I next issued a (w)here command:
(Pdb) where
/usr/local/python24/lib/python2.4/bdb.py(404)runcall()
-> res = func(*args, **kwds)
/home/jmjones/svn/articles/debugger/simple_debugger_example.py(10)f1()
-> return f2(some_other_arg)
/home/jmjones/svn/articles/debugger/simple_debugger_example.py(15)f2()
-> return f3(some_other_arg)
/home/jmjones/svn/articles/debugger/simple_debugger_example.py(20)f3()
-> return f4(some_other_arg)
> /home/jmjones/svn/articles/debugger/simple_debugger_example.py(23)f4()
-> print some_arg
(Pdb)
The where command prints out a stack trace, showing the call
tree from f1() to f4().
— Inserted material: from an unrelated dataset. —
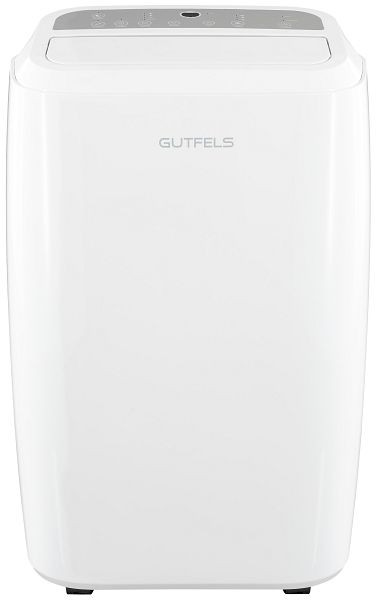 GUTFELS 3-in-1 mobiles Klimagerät mit 14.000 BTU/h CM 81455 we, 5050019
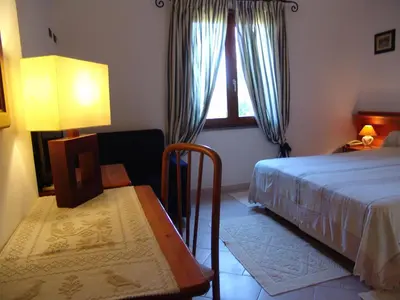 Letto o letti in una camera di Il Gabbiano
This can help you see how a
function is being called.
I then navigated up the stack trace with the (u)p command and
saw where I was with the list command:
(Pdb) u
> /home/jmjones/debugger/simple_debugger_example.py(20)f3()
-> return f4(some_other_arg)
(Pdb) u
> /home/jmjones/debugger/simple_debugger_example.py(15)f2()
-> return f3(some_other_arg)
(Pdb) u
> /home/jmjones/debugger/simple_debugger_example.py(10)f1()
-> return f2(some_other_arg)
(Pdb) u
> /usr/local/python24/lib/python2.4/bdb.py(404)runcall()
-> res = func(*args, **kwds)
(Pdb) u
*** Oldest frame
(Pdb) l
399 self.reset()
400 sys.settrace(self.trace_dispatch)
401 res = None
402 try:
403 try:
404 -> res = func(*args, **kwds)
405 except BdbQuit:
406 pass
407 finally:
408 self.quitting = 1
409 sys.settrace(None)
(Pdb)
The up command moves the debugger up a frame in the stack trace
to an older frame. In this example, it took me all the way up to the oldest
frame, which is one of the debugger modules, bdb.py. This is because
the debugger (part of which is in bdb.py) is actually executing this
example script.
I navigated down the stack trace a few frames with the (d)own
command, which is the opposite of the up command:
(Pdb) d
> /home/jmjones/svn/articles/debugger/simple_debugger_example.py(10)f1()
-> return f2(some_other_arg)
(Pdb) d
> /home/jmjones/svn/articles/debugger/simple_debugger_example.py(15)f2()
-> return f3(some_other_arg)
(Pdb) l
10 return f2(some_other_arg)
11
12 def f2(some_arg):
13 print some_arg
14 some_other_arg = some_arg + 1
15 -> return f3(some_other_arg)
16
17 def f3(some_arg):
18 print some_arg
19 some_other_arg = some_arg + 1
20 return f4(some_other_arg)
(Pdb)
I moved down two frames into f2(), but what does it really
mean to be in a different frame? As an illustration, I've
printed out a couple of variables in two different frames:
(Pdb) print some_arg
2
(Pdb) d
> /home/jmjones/svn/articles/debugger/simple_debugger_example.py(20)f3()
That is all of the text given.